After nearly 50 years as an actor, Alan Arkin, 72, finds himself playing the role of grandfather more often than not. Amazingly, he still finds ways to do something new with each portrayal.

Take Arkin’s Grandpa in “Little Miss Sunshine,” an audience favorite at this year’s Sundance that makes its way to San Diego theaters this month. In the film’s opening sequence, Grandpa pulls out a vial of powder, which turns out to be heroine, and proceeds to snort it up his nose with a roll of cash. Later in the film, Grandpa explains the reason for his habit in a monologue that is delivered not with remorse, but righteousness, and Arkin delivers the words with such conviction that it’s hard not to agree.

“It’s almost totally intuitive for me now at this point,” says Arkin, speaking by telephone from New York, when asked how he decided to approach his character.

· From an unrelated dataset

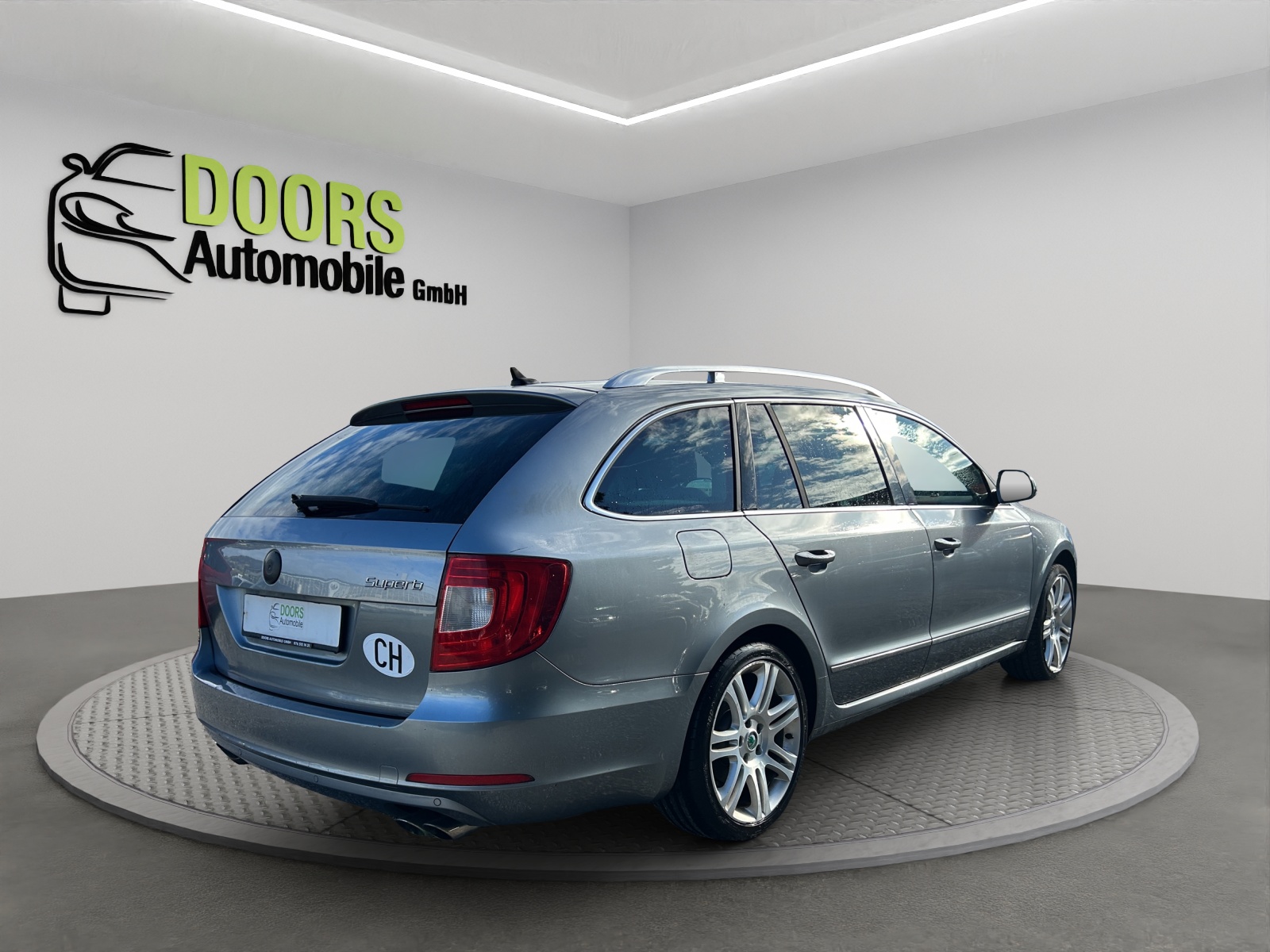 SKODA Superb Combi 2.0 TSI Ambition DSG-image-6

“I used to spend a lot of time analyzing characters and working out their backgrounds, but I’ve been doing this for almost 50 years now and it’s mostly an intuitive process. It’s hard for me to even think about analyzing it. It’s literally painful to think about analyzing it.”

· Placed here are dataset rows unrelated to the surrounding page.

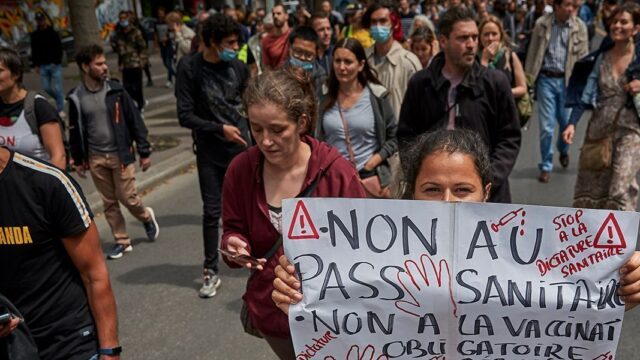 Акции протеста против введения санитарных пропусков прошли во Франции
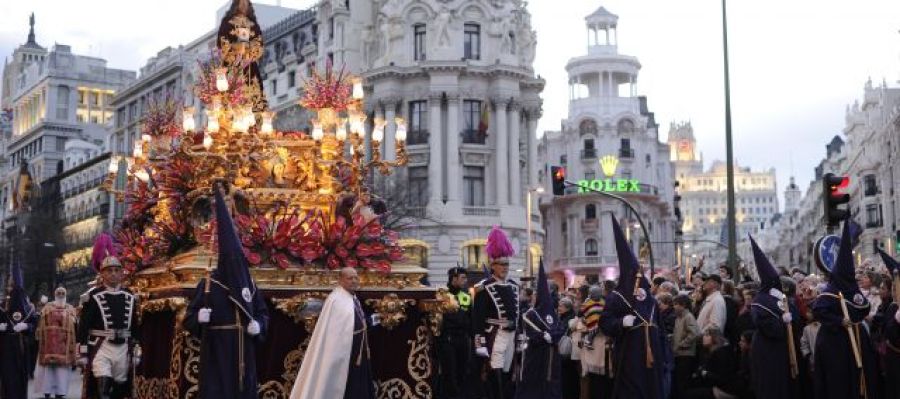 Procesión en Madrid durante la Semana Santa Procesión en Madrid durante la Semana Santa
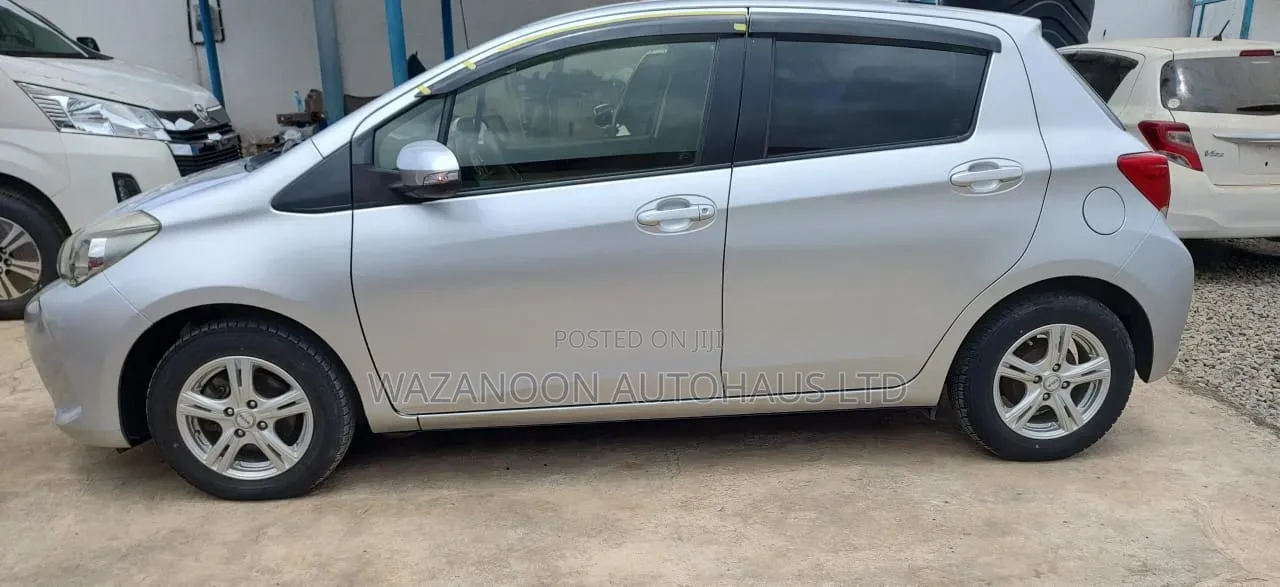Toyota Vitz 1.3 AWD 5dr 2014 Silver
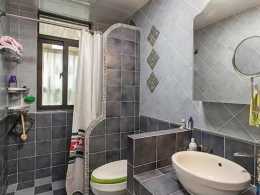 衛生間空間小，別傻乎乎的裝淋浴房，裝上個"矮牆"，便宜還實用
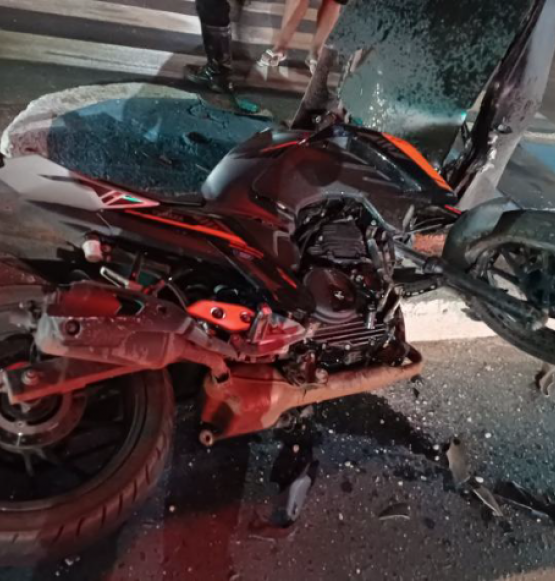 Colisão entre motos em cruzamento movimentado deixa dois feridos graves em Rio Verde
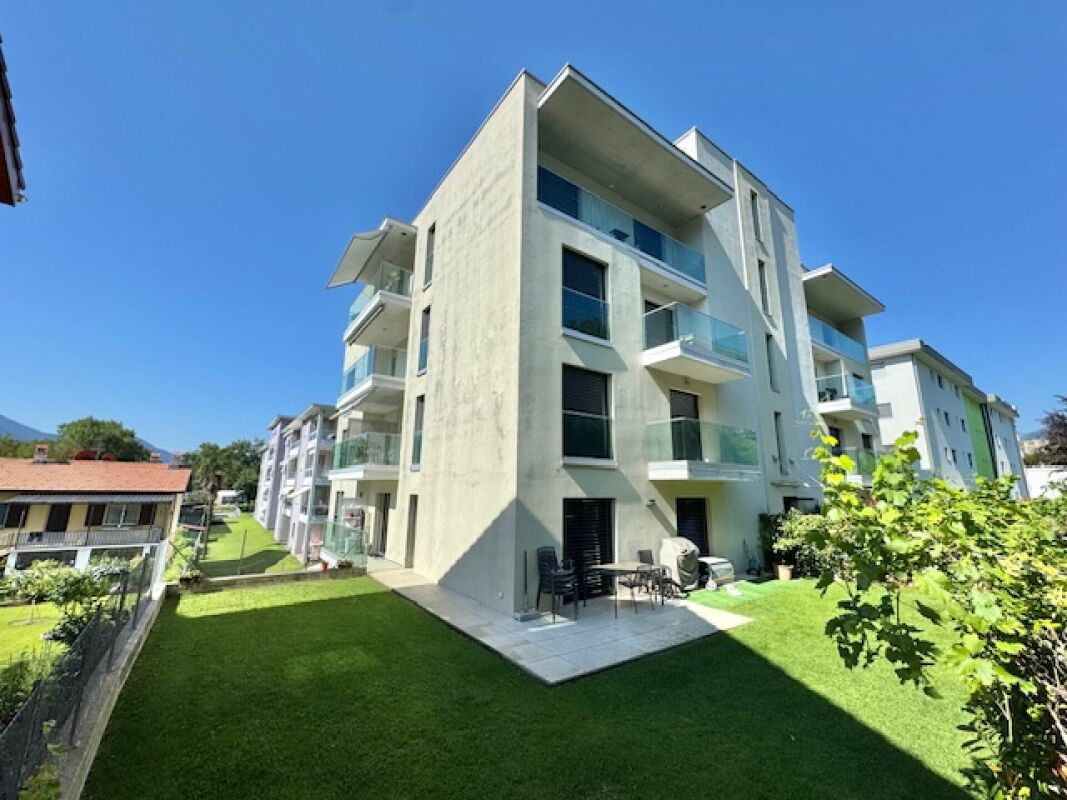 Modernes Mehrfamilienhaus mit Garten und Balkonen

“Little Miss Sunshine” takes its name from a fictional beauty talent contest that sets the plot in motion. To get their daughter Olive (Abigail Breslin) to the Little Miss Sunshine pageant, Richard and Sheryl (Greg Kinnear and Toni Collette) pile in a VW bus with their son Dwayne, (Paul Dano), Sheryl’s brother Frank, (Steve Carell) and Grandpa (Arkin) to make the journey from New Mexico to California.

Each character is tortured in his or her own way, but their tragedies add to the film’s humor. “There was comedy while we were shooting, but nobody was playing the comedy. We played characters in serious jeopardy and the comedy comes out of the writer’s approach to them being in jeopardy,” Arkin says.

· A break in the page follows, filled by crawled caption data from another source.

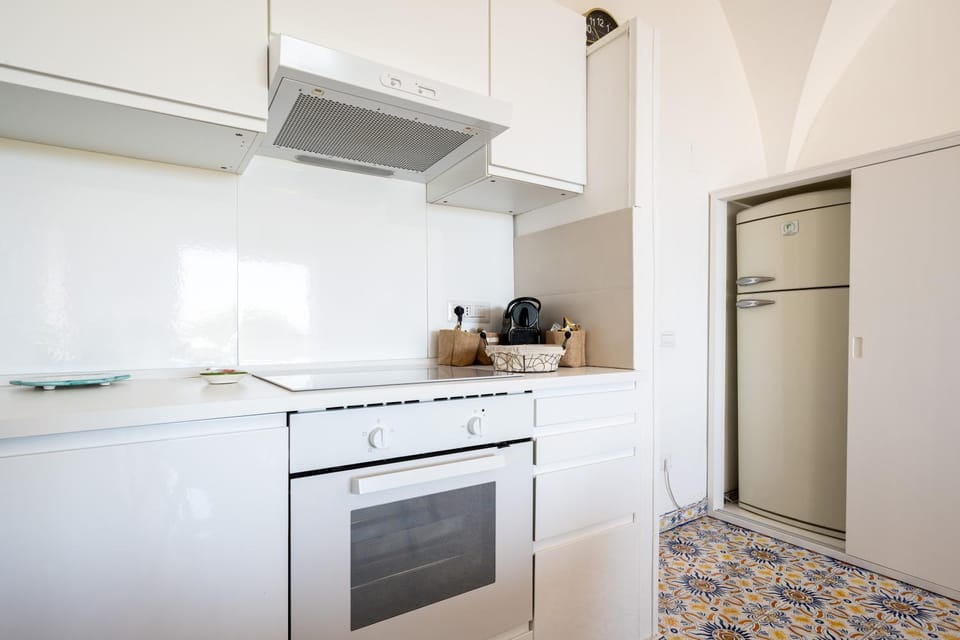 Kitchen or kitchenette, oven, kitchen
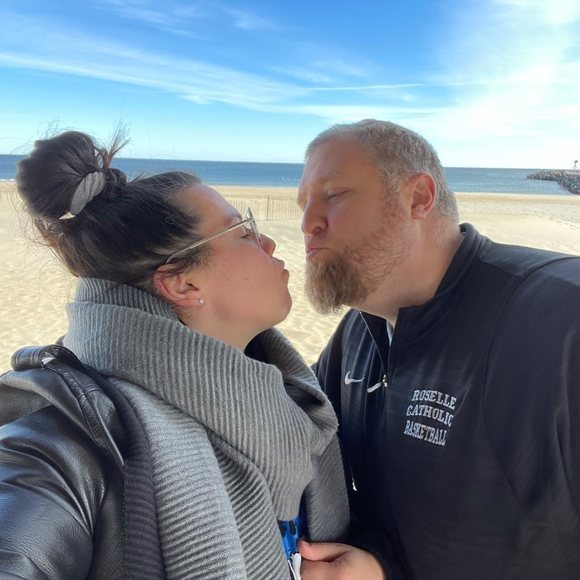 Profile Picture of Lisa Percopo (@lisapizza143) on Poshmark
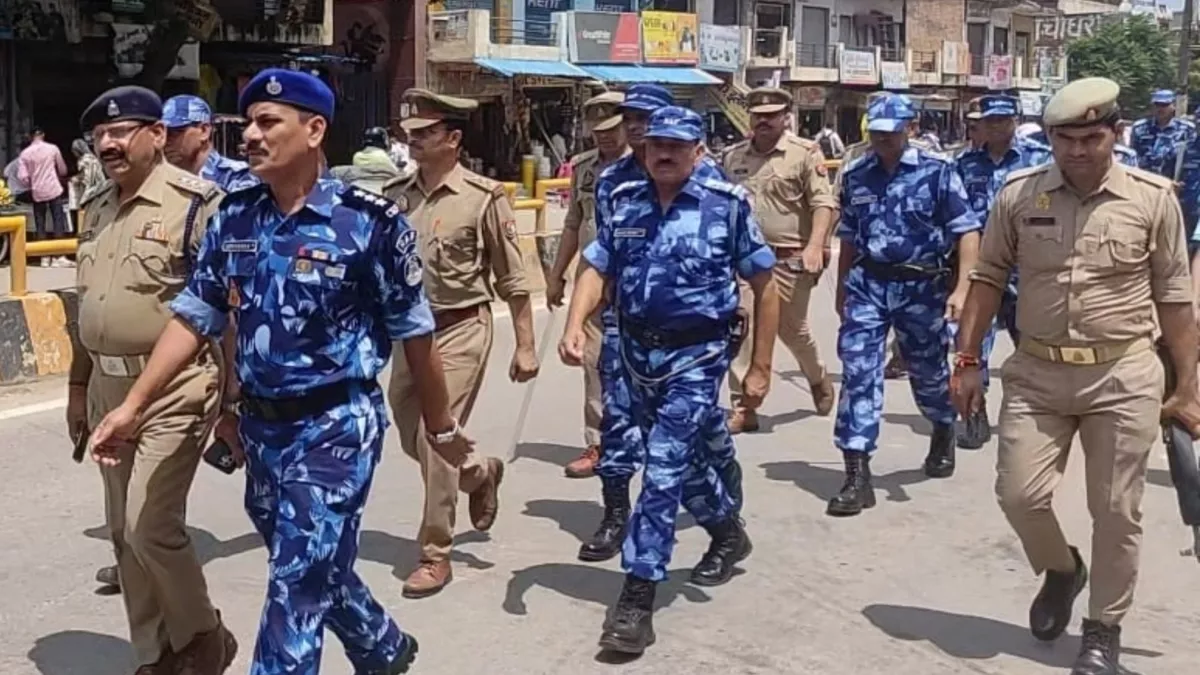 मोनू हत्याकांड को लेकर बुढ़ाना में तनाव, पुलिस ने RAF के जवानों के साथ पैदल निकाला मार्च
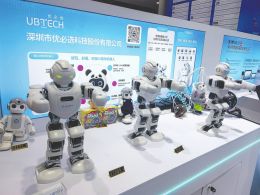 消费电子行业迎来多重驱动，产业链估值有望提升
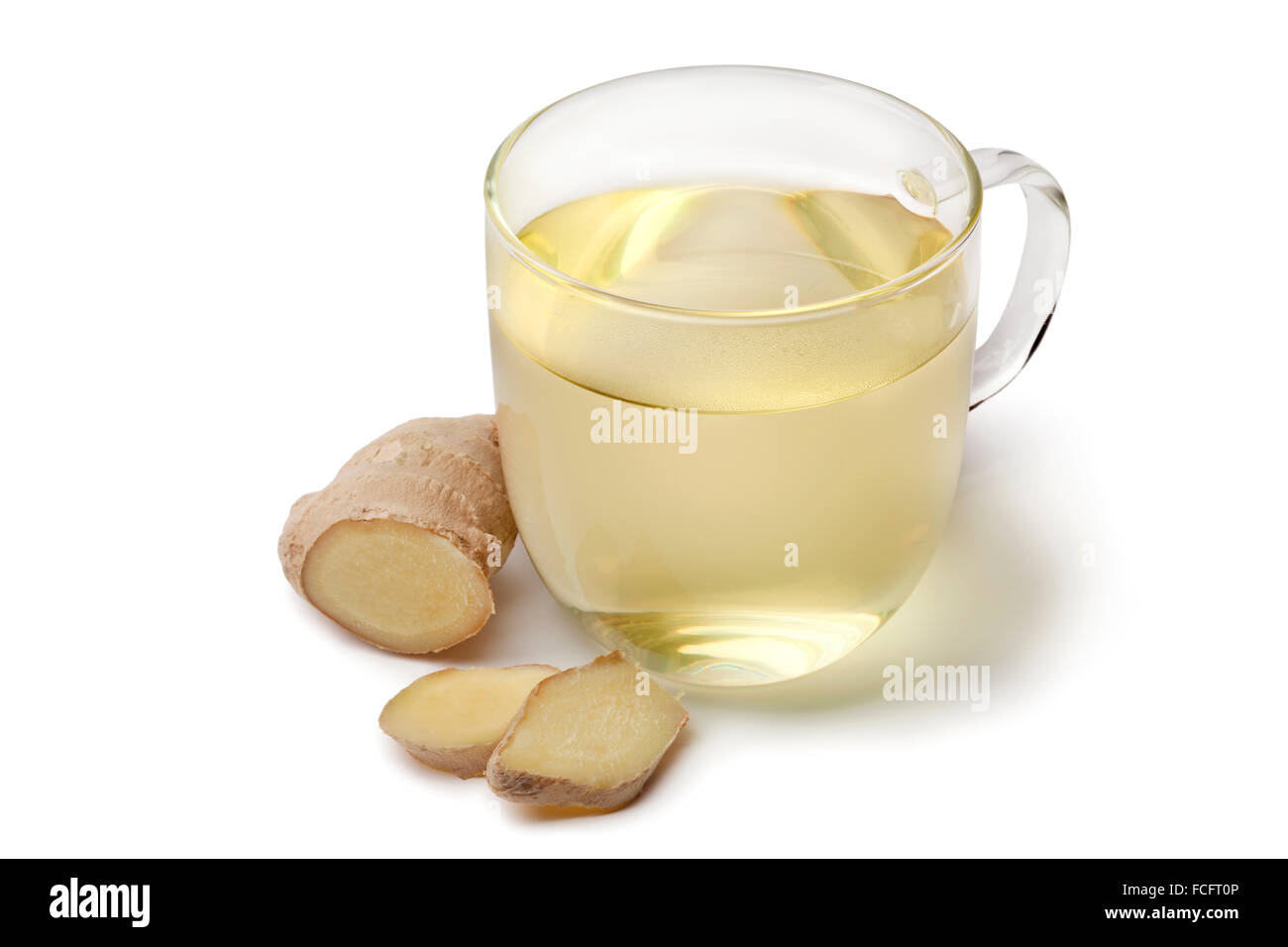 Tasse en verre de thé au gingembre sur fond blanc Banque D'Images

The antics in front of the camera didn’t continue off camera, however.
“A lot of people think that being on a movie set you’re doing nothing but playing basketball all day long,” Arkin says. “We worked very hard. There weren’t any anecdotes, there weren’t any jokes. We were engaged in a short schedule and doing very hard work trying to maintain the lines of our specific characters, which were very tenuous, so we could maintain the integrity of the emotional condition of these characters and make a movie out of it.”

Arkin appears in both independent and studio films. “I don’t enjoy doing a movie that doesn’t have enough to do what needs to be done in order for the film to work, but I don’t really care if it’s a big budget film or a small budget film as long as it’s got integrity and as long as everybody is on the same page,” Arkin says.


 


“I think it’s a little easier to handle a low-budget film, make sure everybody is on the same page because you have less of an army to control. You don’t need a megaphone and e-mail to get in touch with people, everything is right there. From that standpoint I guess I prefer low budget films.”

Arkin has performed in 86 movies over his long career, including roles in both drama and comedy. He’s even taken some time to direct, perform on Broadway, and write children’s novels.

Over the years Arkin has created memorable characters in films such as “Wait Until Dark,” “The In Laws,” “Glengarry Glen Ross,” and “Slums of Beverly Hills.”

“I don’t want to play people that I don’t have some kind of feeling for, some kind of respect for. At this stage of the game I find it enormously painful and stultifying to do any character that I don’t have some regard for,” says Arkin.

When he’s not working Arkin enjoys taking long walks with his wife, Suzanne, playing guitar with friends, photography and cooking. “I make a pretty good Kasha Varnishkes,” he says.

After he finishes promoting “Little Miss Sunshine” Arkin plans to go back to writing his newest book, a self-help guide of sorts that promotes the virtues of acting and improvisation.

The books will show how theater and improvisation can be used in order to examine life more fully rather than the other way around. “Most actors use their life to make their acting better. I try to use acting to make my life better,” says Arkin, who is writing the book with a close friend and screenwriter.

As far as acting goes, one thing Arkin won’t be doing is theater. “It’s dark up there. I don’t want to be in the dark [without] windows. I want to be able to view the sky.”